Ancaman yang sangat berat dalam ayat ini menunjukkan bahwa hijrah hukumnya wajib, karena melaksanakan kewajiban adalah wajib bagi orang yang mampu melaksanakannya, sedangkan hijrah merupakan salah satu hal yang penting dan pelengkap dari kewajiban agama tersebut. Maka jika suatu kewajiban tidak bisa sempurna kecuali dengan adanya suatu yang lain, maka sesuatu itu wajib pula hukumnya.

Setelah dua syarat pokok tsb bisa terpenuhi maka tinggal di negeri kafir terbagi atas :

a. Ia tinggal untuk tujuan dakwah menarik orang kedalam Islam. Ini adalah bagian dari Jihad dan hukumnya fardhu kifayah bagi yang mampu untuk itu dengan syarat bisa merealisasikan dakwah tersebut dengan baik dan tidak ada yang mengganggu atau menghalanginya, karena berdakwah kepada Islam adalah wajib. Itulah jalan yang ditempuh oleh para utusan Allah. Nabi Muhammad SAW menyuruh umatnya menyampaikan ajaran Islam, walaupun satu ayat, di mana dan kapan saja mereka berada. Nabi SAW bersabda : “Sampaikanlah dariku walaupun satu ayat” [Diriwayatkan oleh Al-Bukhari, Kitabul Anbiya', bab "Penyebutan Bani Israel"]
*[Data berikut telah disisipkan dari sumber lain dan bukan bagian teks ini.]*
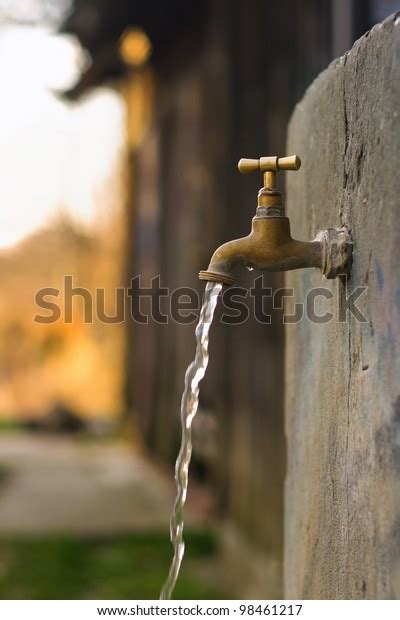 5,732 Brass Tap Water Isolated Images, Stock Photos & Vectors ...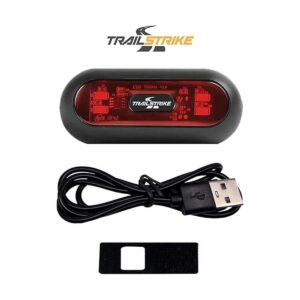 Trailstrike Lámpara LED para casco de motocicleta_2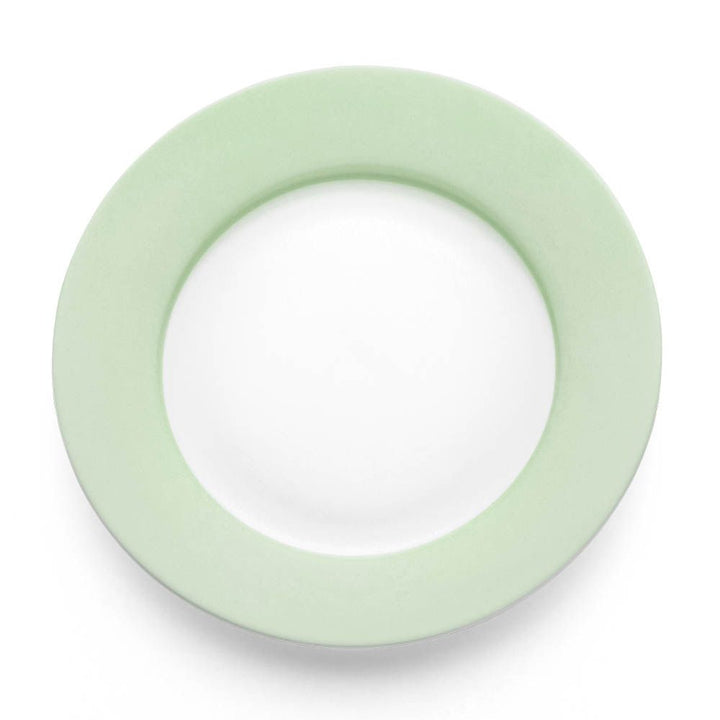 Mint Green Bread Plate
b. Ia tinggal untuk mempelajari keadaan orang-orang kafir dan mengenal sejauh mana kerusakan aqidah, kezhaliman, akhlaq, moral dan kehancuran sistim peribadatan orang-orang kafir. Dengan demikian ia bisa memperingatkan orang-orang untuk tidak terpengaruh dan tergiur dengan mereka & ia bisa menjelaskan kepada orang-orang yang kagum dengan mereka. Ini juga termasuk bagian dari jihad, karena bertujuan menjelaskan kehancuran agama orang-orang kafir. Dan ini secara tdk langsung mengajak manusia kembali kepada Islam, karena kerusakan kaum kafir menjadi bukti atas kebenaran agama Islam, seperti disebutkan kata mutiara : “Sesuatu menjadi jelas dengan mengetahui kebalikannya”. Tetapi dengan syarat keinginan terealisir tanpa kemudharatan yang lebih besar daripadanya. Jika tidak terealisir maksud dan tujuan tiggal di negeri kafir seperti tersebut di atas, maka tidak ada faedahnya ia tinggal di negeri kafir. Jika ia bisa merealisasikan maksud dan tujuannya tapi kemudharatan yang ditimbulkan lebih besar, seperti orang-orang kafir membalasnya dengan ejekan, memaki Islam, Nabi SAW dan imam-imam Islam, maka wajib baginya menghentikan kegiatan tersebut berdasarkan firman Allah. “Artinya : Dan janganlah kamu memaki sembahan-sembahan yang mereka sembah selain Allah, karena mereka nanti akan memaki Allah dengan melampui batas tanpa pengetahuan. Demikian lah Kami jadikan setiap umat menganggap baik pekerjaan mereka, kemudian kepada Tuhan merekalah kembali mereka, lalu Dia memberitakan kepada mereka apa yang dahulu mereka kerjakan” [Al-An'aam : 108]. Termasuk dalam bagian ini adalah orang Islam yang tinggal di negeri kafir untuk menjadi intel (mata-mata) guna mengetahui rencana orang kafir terhadap umat Islam, selanjutnya ia menginformasikan rencana tersebut kepada orang-orang Islam agar berhati-hati dan mengerti tentang tipu daya musuh Islam. Hal ini pernah dilakukan Nabi SAW saat beliau mengirimkan Hudzaifah bin Yaman ke tengah-tengah orang musyrikin di saat perang Khandaq untuk mengetahui keadaan mereka. [Diriwa yatkan oleh Muslim, Kitabul Jihad, bab "Perang Ahzab"]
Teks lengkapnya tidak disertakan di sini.